Do not force test-first when:
- The change is exploratory and the API shape is still being discovered
- The test infrastructure would require significant setup to write a meaningful test
- The task is classified as Small and the change is trivial (e.g., config value update)

## Identifying the test command

Check in order:

1. `Makefile` or `Taskfile.yml` → look for `test`, `lint`, `check` targets
2. `package.json` → `scripts.test`, `scripts.lint`
3. `pyproject.toml` / `setup.cfg` → pytest configuration
4. `go.mod` → `go test ./...`
5. `Cargo.toml` → `cargo test`
6. `pom.xml` / `build.gradle` → `mvn test` / `gradle test`
7. Repository documentation (for example `README.md`, `CONTRIBUTING.md`, or the adoption guide) → validation or verification commands

If no test command is identifiable, state that explicitly.

## Use this skill when

- You have just written or modified code
- A previous code generation did not include a verification step
- The user reports that generated code does not compile or pass tests

## How to know it's working (auditable)

All conditions below must be verifiable from task artifacts:

- **Execution evidence**: output lists executed test/lint commands, not planned commands.
- **Loop evidence**: each failed run is followed by a fix and re-run until pass or escalation.
- **Escalation evidence**: recurring error is escalated after 3 failed attempts with attempt history.
- **Final-state evidence**: output reports test counts/results and remaining warnings.

## Conformance self-check

- [ ] Each test case was assigned a category (MFT / INV / DIR) before being written
- [ ] No test spans more than one category — single-category constraint satisfied
- [ ] Coverage per category was listed after test generation (Medium: ≥ 2 categories; Large: ≥ 3)
- [ ] Any absent category was stated with justification, not silently omitted
- [ ] Tests were actually executed (not just planned)
- [ ] The test scope matches the task scale (Small: targeted, Medium: module, Large: full suite)
- [ ] All failures were addressed (fixed or escalated), not silently ignored
- [ ] The final test state is reported (tests run, pass count, warnings)
- [ ] No tests were deleted or disabled to achieve a passing state

## Common misuses

- **Running too broad a test suite for Small tasks** — running the full CI suite for a one-line change wastes time and obscures signal.
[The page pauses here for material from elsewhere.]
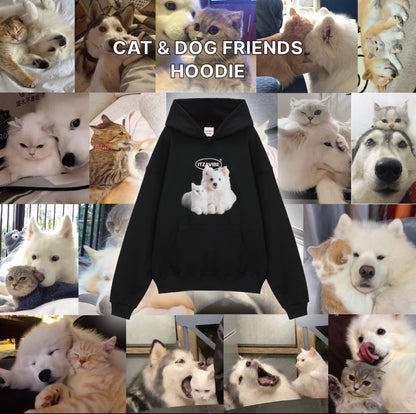 ITZAVIBE CAT&DOG FRIENDS HOODIE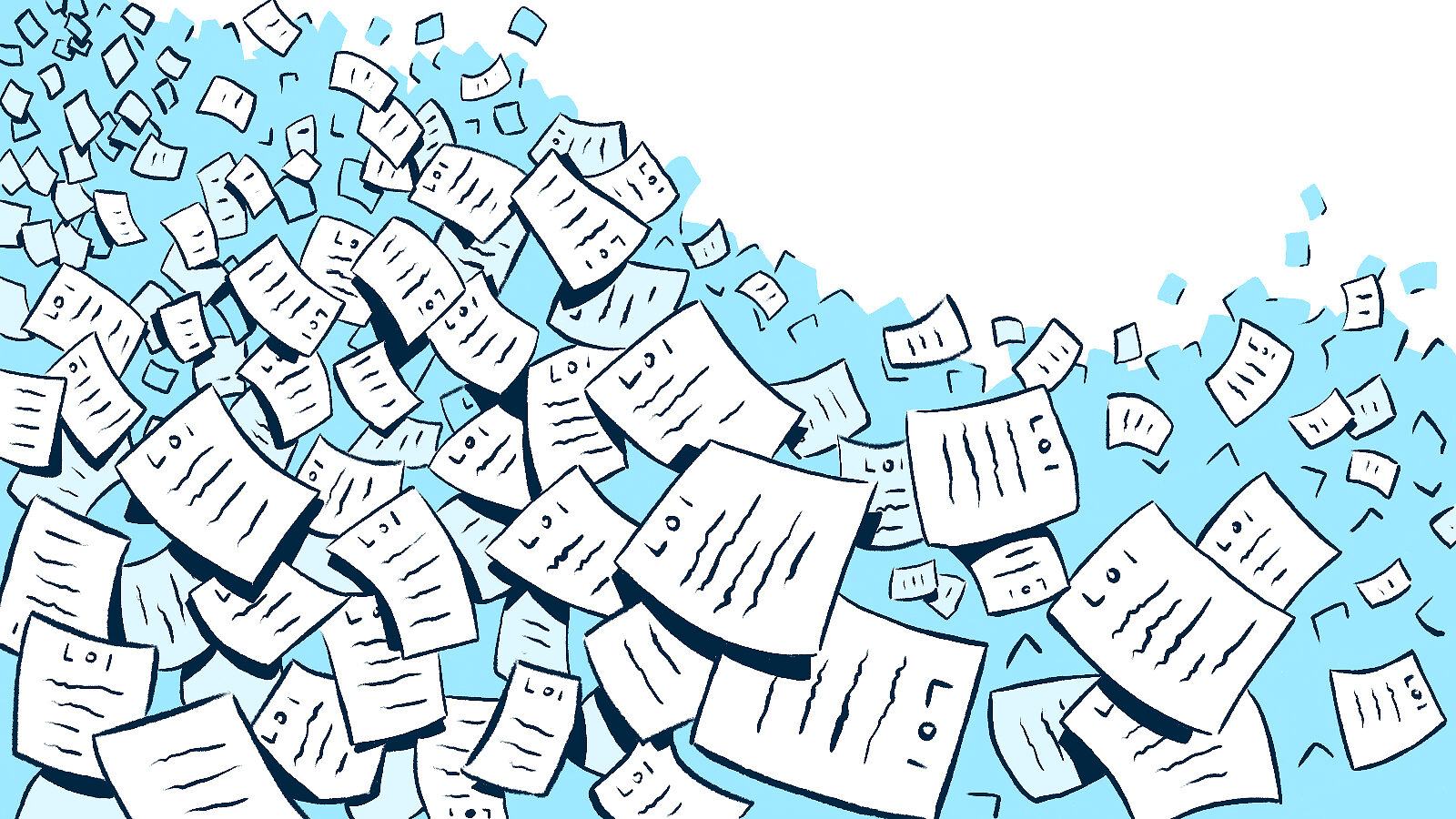 Illustration of an avalanche of LOIs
Use the narrowest scope first.
- **Accepting a passing test after deleting the failing test** — a passing green bar is not evidence of correctness if tests were removed to achieve it.
- **Stopping after the first passing run** — always run lint after tests pass, and confirm neither introduces new warnings.
- **Treating `not-run` as `pass`** — if no test command is found, the skip must be explicitly noted in the trace. It does not count as a passing validation.
- **Counting a no-op re-run as a fix attempt** — if the second attempt is identical to the first, it is not a new attempt; it is wasted time. Change the approach before re-running.